Di Kabupaten Garut saat ini terdapat sekitar tiga ribuan program kegiatan sehingga dipastikan setiap pemborong akan kebagian pekerjaan. oleh karena itu Rudy meminta kepada para pemborong untuk tetap tenang.

Rudy menuturkan, kalau misalnya ada empat perusahaan yang maju dalam lelang salah satu proyek, akan lebih baik jika antar pemilik perusahaan itu untuk berunding. Ia sama sekali tak mengharapkan sampai terjadi perselisihan karena semuanya akan kebagian program.

Dijelaskan Rudy, saat ini di Kabupaten Garut ada sekitar 800 perusahaan, sementara program kegiatan mencapai sekitar tiga ribuan.

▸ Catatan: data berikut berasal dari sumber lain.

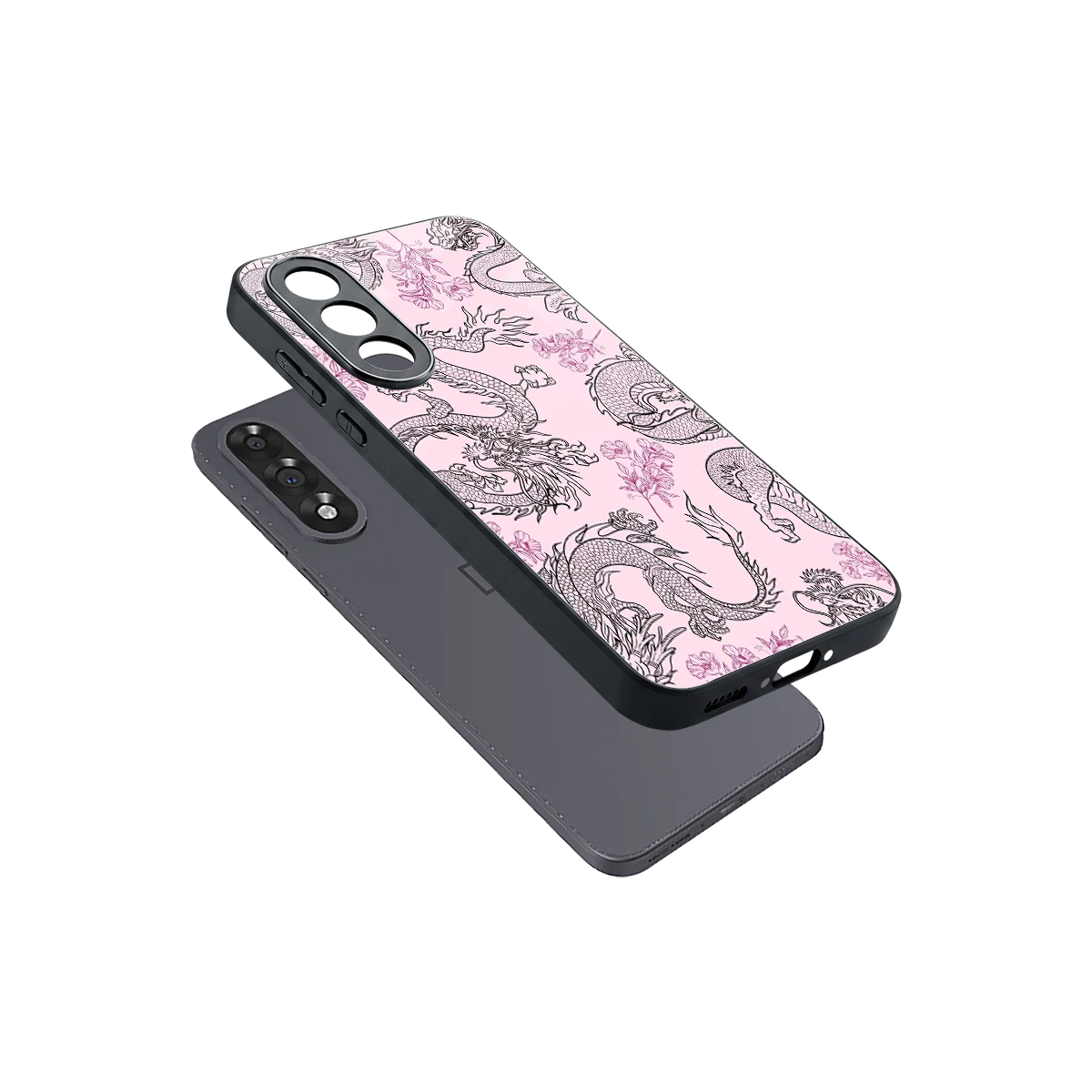 Floral Dragon sleek oneplus nord 5 cover with tempered glass back and TPU edges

Jika dirata-ratakan, tiap perusahaan bisa mendapatkan tiga program kegiatan.

“Dengan jumlah program kegiatan yang begitu banyak, tiap perusahaan bisa mendapatkan tiga program kegiatan. Ini kan cukup dan sudah ada pemerataan,” ungkap Rudy.

Zamzam Zainulhaq, sebagai koordinator aksi menyebutkan, mereka melakukan audiensi dengan Bupati Garut beserta jajarannya dikarenakan ingin menuntut agar Bupati lebih memperhatikan kepentingan umum di atas kepentingan individu atau kelompok tertentu. Mereka juga meminta untuk diperhatikan prinsip-prinsip keadilan, pemberdayaan, keterbukaan, dan persaingan sehat sesuai intruksi Presiden RI dalam pelaksanaan lelang proyek di Garut.

“Kami menolak keras adanya dugaan pengaturan pelaksana pekerjaan pengadaan barang dan jasa yang mengandung unsur-unsur melawan hukum,” ucap Zamzam.

Zamzam juga mendesak aparat penegak hukum (APH) agar mengusut tuntas dugaan perbuatan melawan hukum para oknum ASN di lingkungan Pemkab Garut yang memperjualbelikan atau menerima “commitmen fee” atau komisi kegiatan pembangunan berupa paket pekerjaan atau proyek pengadaan barang dan jasa.

Selain itu, Zamzam juga meminta APH untuk mengusut tuntas dugaan pengaturan pemenang tender dan mengusut tuntas dugaan kejahatan terstruktur, sistemastis, dan masip yang dilakukan para oknum ASN.